All too often in American culture, we put professional athletes on a pedestal. There are people – seriously or jokingly – who are quoted saying, “If I tried just a little bit harder as a teenager, I’d probably be pro right now.” We are taught to admire athletes as if they have the easy life. Participate in the sport of your upbringing, get paid to play, be happy forever. Even those who have tumbled out of the arena and into retirement still adorn advertisements making us feel perceive every athlete living the good life even when the equipment is put away for good. We never make a second guess as to what we don’t see.
Throughout his book Phil Gaimon takes the professional cycling culture to task. Things aren’t all bowls of cherries as they may say. His candid tales reveal a behind-the-scenes look at the Euro-centric sport and its shady dealings. Expect to laugh and be frustrated simultaneously as he pulls no punches in both the European theater of cycling as well as the American theater of cycling.
Gaimon lays multiple cyclists to waste, particularly in the American cycling realm. You see Phil Gaimon had the luxury of straddling two major phases of professional cycling. He grew up watching the Discovery Channel team propel American cycling into the spotlight only to arrive in the professional peloton as the fallout had nearly abated. He rode against guys who raced in the era of the ‘90s and early 2000s. He also raced against the new crop of American cyclists who were distanced from those old guards.
Changing the tone, this book is hilarious. Gaimon’s tongue-in-cheek observations will make the reader laugh multiple times. He is that personality on the team who reminds everyone not to take him or herself too seriously despite the extreme importance of the event looming. Had I had him on my hockey team, I probably would have looked to him every couple of minutes. Though it should be recognized that not even his steely preparation could endure professional cycling.

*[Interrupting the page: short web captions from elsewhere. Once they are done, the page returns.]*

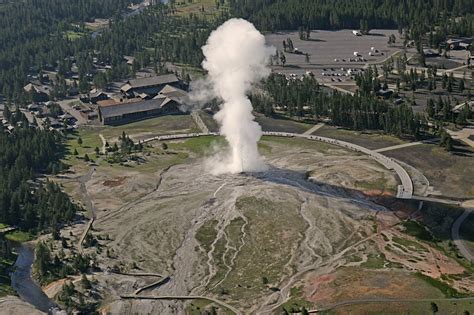 5 Must-See Attractions in Yellowstone National Park | Mountain Modern ...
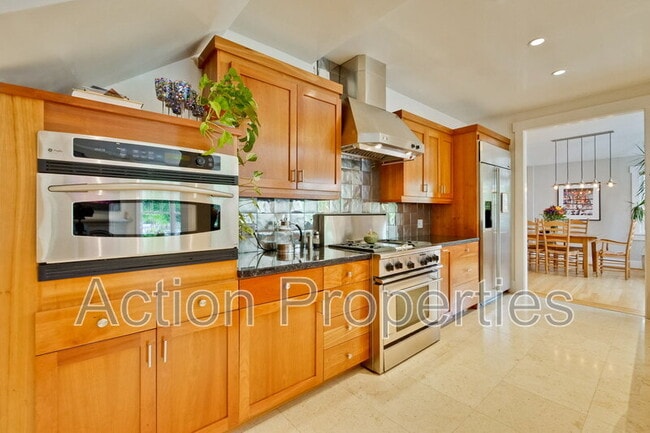 Building Photo - 714 Greer Rd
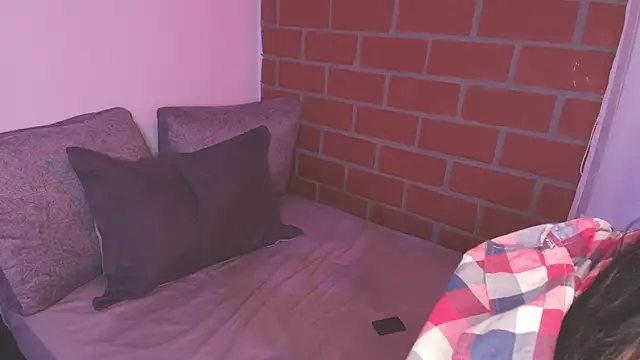 AmyW0w online show from 12/14/25, 05:51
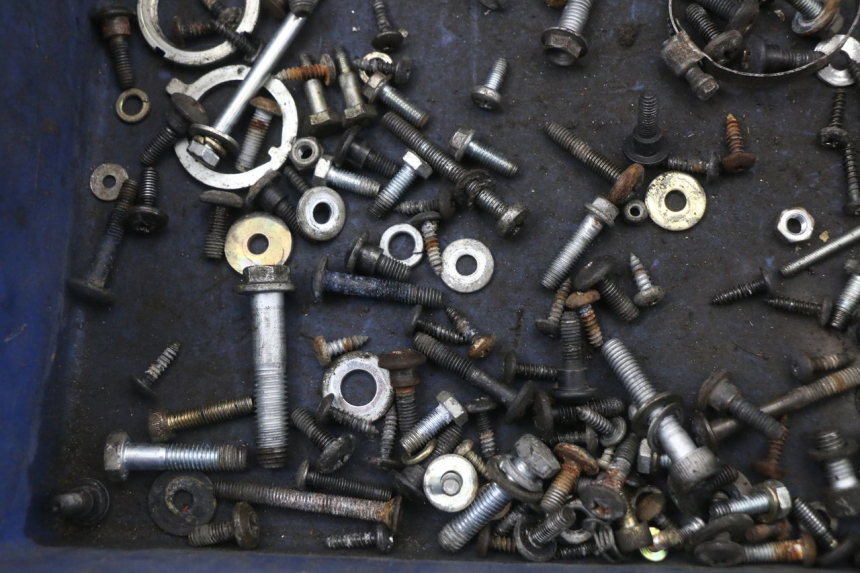 photo de SCREW FASTENER BAG PIAGGIO X8 125 (2004 - 2007) - Alternative perspective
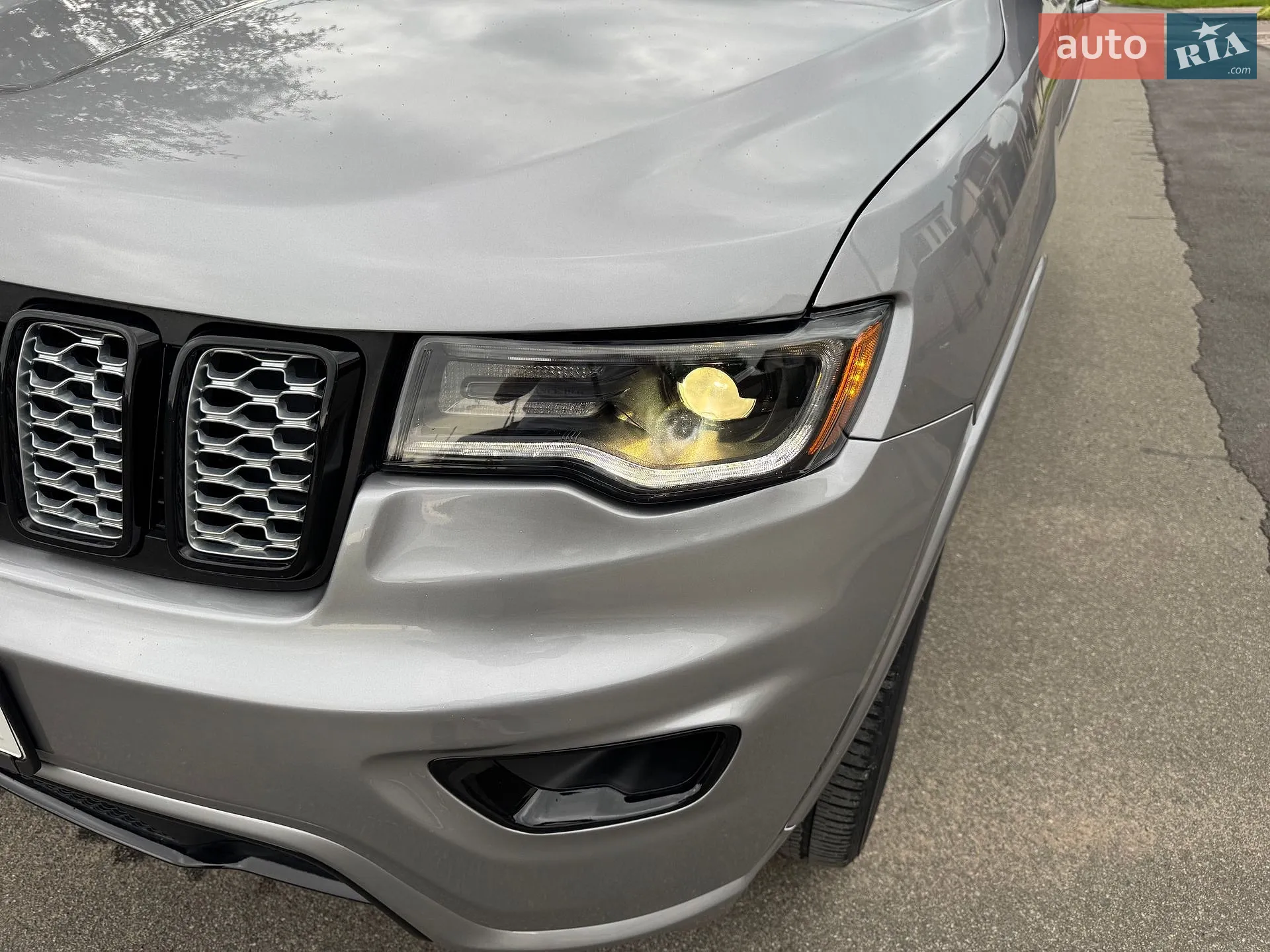 2020 Jeep Grand Cherokee - мініатюра 16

Draft animals, to Phil Gaimon, are the beasts of burden one must purchase to start the nostalgic computer game, Oregon Trail. In an attempt to make it to complete the game, one must set a pace to beat a whole host of issues along the Trail. Should the draft animal not pull its weight, it would simply be discarded and replaced at some point along the Trail. If you get the metaphor, I’m sure it would not fit into our warped belief that professional athletes live the life of grandeur. For that, I am thankful to have read Phil Gaimon’s book.
In a small hut in Massachusetts, Mr. Thoreau, squatting on land lent to him by Ralph Waldo Emerson, set out to live life deliberately amongst the brambles and shorelines of Walden Pond. He spoke of setting out on a journey of exploration hoping to find answers to life’s perplexing troubles of the times while trying to reconnect with nature. What wasn’t mentioned in Thoreau’s book, but was documented by others, was his daily walk twenty minutes away to his mother’s house (so much for living off the land). His reason for taking the long trek: to eat the cookies she made daily. We could all want to live like a professional athlete or like Thoreau, but when it came down to it, we would realize it’s not all glitz and glamour. But to continue to the experiment while sneaking off for the jar of cookies isn’t a bad lateral move. Read this book. It comes through.